The first band of the evening are Method Actress
, a foursome from Brighton, whose dreamy music washes softly and whimsically from one end to another beginning without pause.
Following them, is Underwater Boys
, a dream pop duo of two brothers from the South East, Tom and Nicholas Klar backed with an able band. Their look - all 90s Hacienda and bowl cuts, juxtaposes their often mixed bag sound. Like a cross between Pearl Jam, Jesus and Mary Chain, Mamas and Papa's with shades of Zeppelin and the Mondays thrown in. Their musical dexterity, clear song arcs, and togetherness surprises and ignites the crowd into a moshing frenzy, leaving them wanting more as their short set draws to a close.

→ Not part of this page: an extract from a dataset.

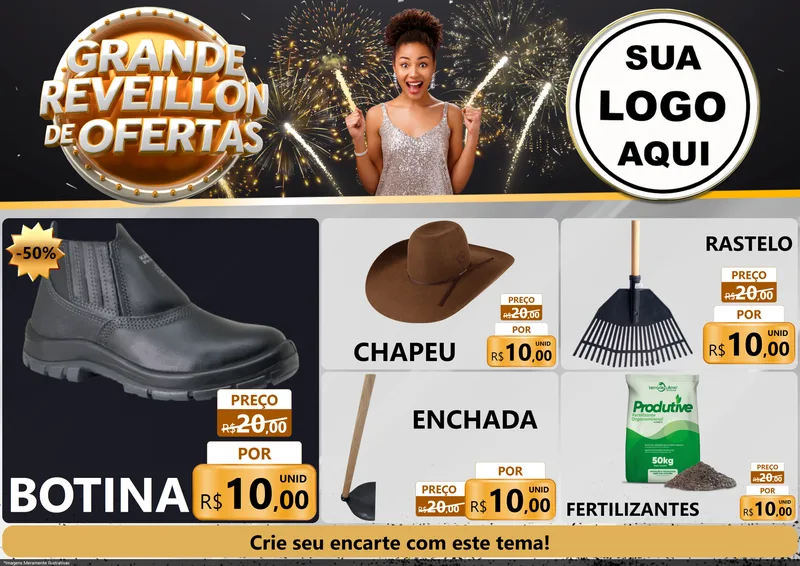 Modelo de Encarte para Encarte A4 Horizontal com o tema Grande Réveillon de Ofertas para Agropecuária
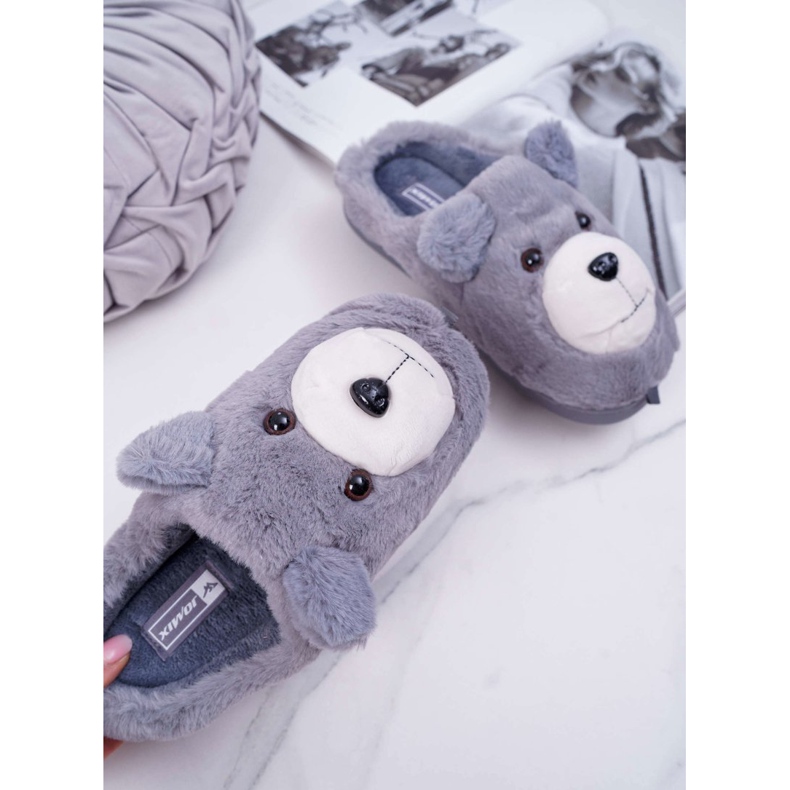 Pantuflas de Mujer con Piel de Oso Gris 2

The headliners of the evening White Room have clearly been making themselves known with the increase in crowd size heralding their set. Plus celebrity endorsements such as Paul Weller, Myles Kane and Sara Cox, make the anticipation palpable.
, a five-piece made up of a seeming collection of university stoners fronted by a deranged and hyperactive Domhnall Gleeson-lookalike, are tight, self-assured, and appear to relish the captivated audience.
Quickly it becomes apparent that their impressive recorded material differs greatly from the live sound we're witnessing. Largely due to the poor sound in the venue. Despite this, their set is peppered with songs that are well crafted and vocals that soar, on occasion.
Songs like 'Stole The IV'
offer catchy hooks and spells of Roxy Music combined, with Pink Floyd and the Kaiser Chiefs. That strange concoction, like an accidental recipe is unique and often refreshing, and will appeal hugely to some but could leave others confused.
Jake Smallwood is confident as a front man and certainly knows how to best engage with his audience. On occasion however, the band drifts away into swirly jams, or explorations of Rocky Horror Show indie homage. As strange indeed as it sounds. It's not long though before they're back to delivering their unique form of passioned indie anthems with unabridged ambition.
White Room are definitely a talented band with some good songs, a superstar frontman and a noticeable following. Overall though, the live show can, at times be confusing and leave you feeling like you've missed something. The point, maybe.